WORK INSTRUCTION: Make an exact copy of all the records that follow, apart from the pictures.

INFORMATION PROVIDED:
■ ■ ■ ■ ■ ■ ■
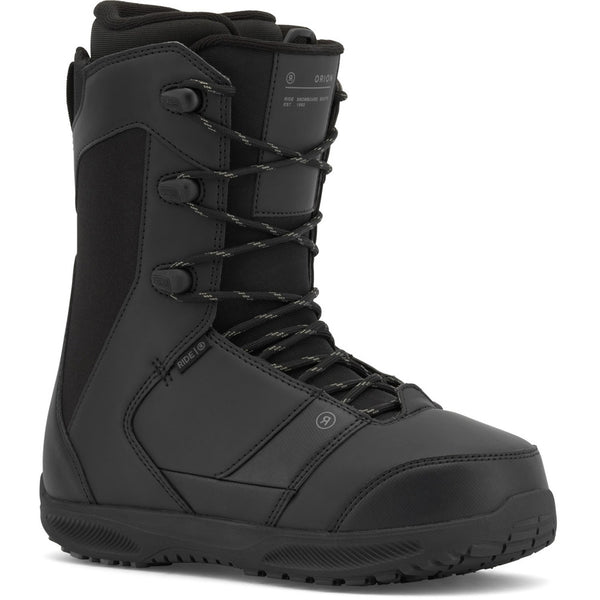 Ride Orion Snowboard Boots 2026 - Men's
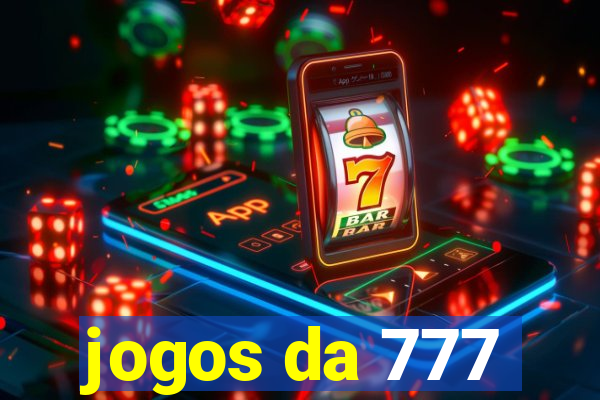 jogos da 777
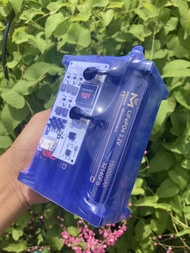 แบตเตอรี่ ฟอสเฟต  6s15ah bms 6s 60a + active balance 1.5a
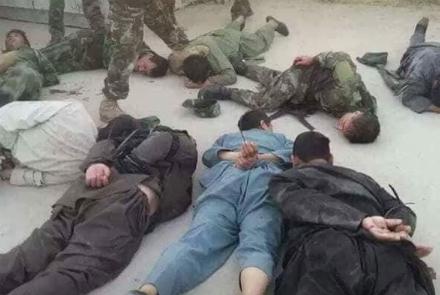  رییس جمهور: مسؤولان بدرفتاری با نگهبانان قیصاری شناسایی شوند  - خبرگزاری افغان ایرکا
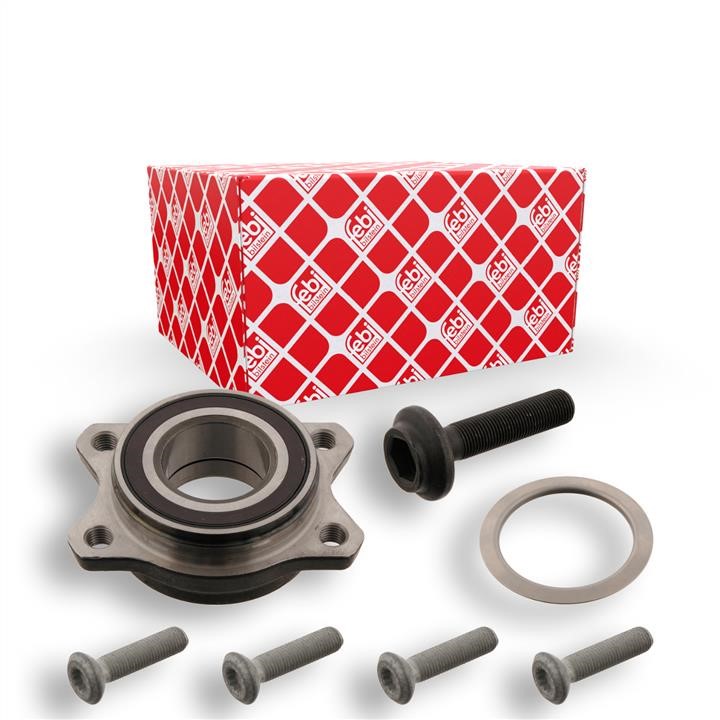 Buy febi 29844 at a low price in United Arab Emirates!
■ ■ ■ ■ ■ ■ ■
SOLUTION:
 Ride Orion Snowboard Boots 2026 - Men's
 jogos da 777
 แบตเตอรี่ ฟอสเฟต  6s15ah bms 6s 60a + active balance 1.5a
  رییس جمهور: مسؤولان بدرفتاری با نگهبانان قیصاری شناسایی شوند  - خبرگزاری افغان ایرکا
 Buy febi 29844 at a low price in United Arab Emirates!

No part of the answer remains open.